Transcript from the "Neural Network Attention" Lesson
>> Now let's talk about where the convolution neural networks is looking, where the making a prediction. And I will actually introduce another concept of transfer learning. So with the transfer learning what you can do, you can simply grab already trained models and load them in your notebooks. So skipping all the training parts, somebody else already did that job for you and probably used tons of GPU compute, just the training module.
[00:00:32] And you can simply download it explicitly for instance by using karas applications, VGG16 it's specifically one of the architectures. So let me quickly load it. And we can probably even try to say something like model summary, to find out more about this architecture. So you can see it's actually taking 24 by 24 images with three channels, RGB, right?
[00:01:05] And doing a lot of convolutions, so we're actually doing two convolutions in the sequence and only after that we're doing max pooling. And you see that there are a lot of convolutions happening here and when we're reducing everything, almost to 7 by 7 filters, right? And only after that flattened image and our last two fully connected layers.
[00:01:33] We'll reduce everything to those thousands neurons which corresponds to the classes. Remember, in image net I said that we're trying to recognize between 1,000 different objects. So that's why we need 1000 neurons at the lowest layer. But when we initialize that's when we grab this VGG class from Kerris applications.
[00:01:59] We also can say that I want my model to load not the random weights, I won't actually grab the weights which have been trained on image net. So basically, I will already by having this small, I can do prediction directly. I just need to provide image 224 by 224 pixels and color image, and that's what I will be showing you how to do next.
[00:02:28] So with this command, I'm just simply downloading image of elephant. I can even visualize it here if you want, and they can use mark down directly for this. So with the mark down to visualize image allophones I need just to say, read if out [LAUGH]. It's not actually after completing in mark down but I can just copy/paste the name of the file, I've just downloaded.
[00:03:01] And that's the image we will be processing. Just beautiful picture of two elephants under creative commons license, which is good for me. And what we'll do first we need to change the resolution of our image, right? So that's what I'm doing here, image load image, I'm just loading it's using image from Keras pre processing, right?

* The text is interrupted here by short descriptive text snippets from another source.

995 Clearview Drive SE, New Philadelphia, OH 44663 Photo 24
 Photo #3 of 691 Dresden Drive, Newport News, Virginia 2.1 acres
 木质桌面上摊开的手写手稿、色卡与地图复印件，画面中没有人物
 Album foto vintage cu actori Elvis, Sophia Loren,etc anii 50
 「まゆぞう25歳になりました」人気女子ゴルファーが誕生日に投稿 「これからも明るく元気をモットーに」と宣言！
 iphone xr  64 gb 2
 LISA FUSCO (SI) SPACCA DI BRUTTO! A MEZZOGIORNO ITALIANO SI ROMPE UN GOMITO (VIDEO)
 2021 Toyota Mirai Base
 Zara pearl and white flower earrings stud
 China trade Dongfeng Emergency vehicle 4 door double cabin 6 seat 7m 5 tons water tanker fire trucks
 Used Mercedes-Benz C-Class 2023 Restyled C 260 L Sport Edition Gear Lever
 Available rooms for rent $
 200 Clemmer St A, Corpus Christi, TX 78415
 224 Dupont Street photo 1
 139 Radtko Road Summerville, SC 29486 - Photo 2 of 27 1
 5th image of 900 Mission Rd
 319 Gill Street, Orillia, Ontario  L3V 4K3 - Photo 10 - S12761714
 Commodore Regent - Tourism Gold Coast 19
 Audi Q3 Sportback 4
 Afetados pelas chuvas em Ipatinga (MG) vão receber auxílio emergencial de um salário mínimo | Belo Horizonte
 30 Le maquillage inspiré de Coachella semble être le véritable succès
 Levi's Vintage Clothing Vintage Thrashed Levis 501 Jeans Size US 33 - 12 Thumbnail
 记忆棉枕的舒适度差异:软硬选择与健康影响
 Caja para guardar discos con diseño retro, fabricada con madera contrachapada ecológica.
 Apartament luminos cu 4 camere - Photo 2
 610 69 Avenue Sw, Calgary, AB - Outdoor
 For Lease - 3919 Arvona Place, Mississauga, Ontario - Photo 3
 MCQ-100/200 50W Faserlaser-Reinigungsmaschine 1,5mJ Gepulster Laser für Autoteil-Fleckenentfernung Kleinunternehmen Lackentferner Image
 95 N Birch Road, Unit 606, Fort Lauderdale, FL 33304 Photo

[00:03:31] So basically, these class on their tensorflow Keras pre processing image, is got its own function load image from a particular location, right? From the file, store. And it can actually changed the resolution of the image on the fly while loading it so we converted it to 224 by 224.
[00:03:56] Right here, I'm just converting image to the array and adding additional array. Once again, our model assume that we will be providing multiple images as the input, right? But if I want just to provide one, I still need to create a list with only one image inside so that's what I'm doing here.
[00:04:18] And preprocess input is probably just doing the, I'm actually not exactly sure what is the doing, preprocessing, preprocessing, I don't think it was defined anywhere. The main part of this code is just simply converting our image to this resolution, preprocesin input is part of the VGG. So it's basically doing conversion to whatever this model expect the preprocesin to the image to be done.
[00:04:50] And it's now we can actually do the predictions. So in our x if we just print the x, no x. So you can see it's just the array with each of those three numbers, that's the RGB channel of each individual pixel, and I have tons of them. So what they can do I can just say model do the prediction and provide this list of continue of our image.
[00:05:22] And print out what our model predicted. So it predicted with 90%, almost 91% accuracy that we're looking at African elephant. ABout 8%, almost 9% it's a Tusker, and it's India elephant about 0.4%. Pretty accurate prediction, but what is interesting is next what I gonna do. So remember, we're choosing between a 1,000 classes, right?
[00:05:52] And then it kinda curious what was the number of the neuron activated, which correspond to African elephant. And I can simply just look at the index of this neuron and it was 386,000, right? So why am I caring about this index? Well, it's basically what I will be doing next, I will try to look at the last convolutional layer.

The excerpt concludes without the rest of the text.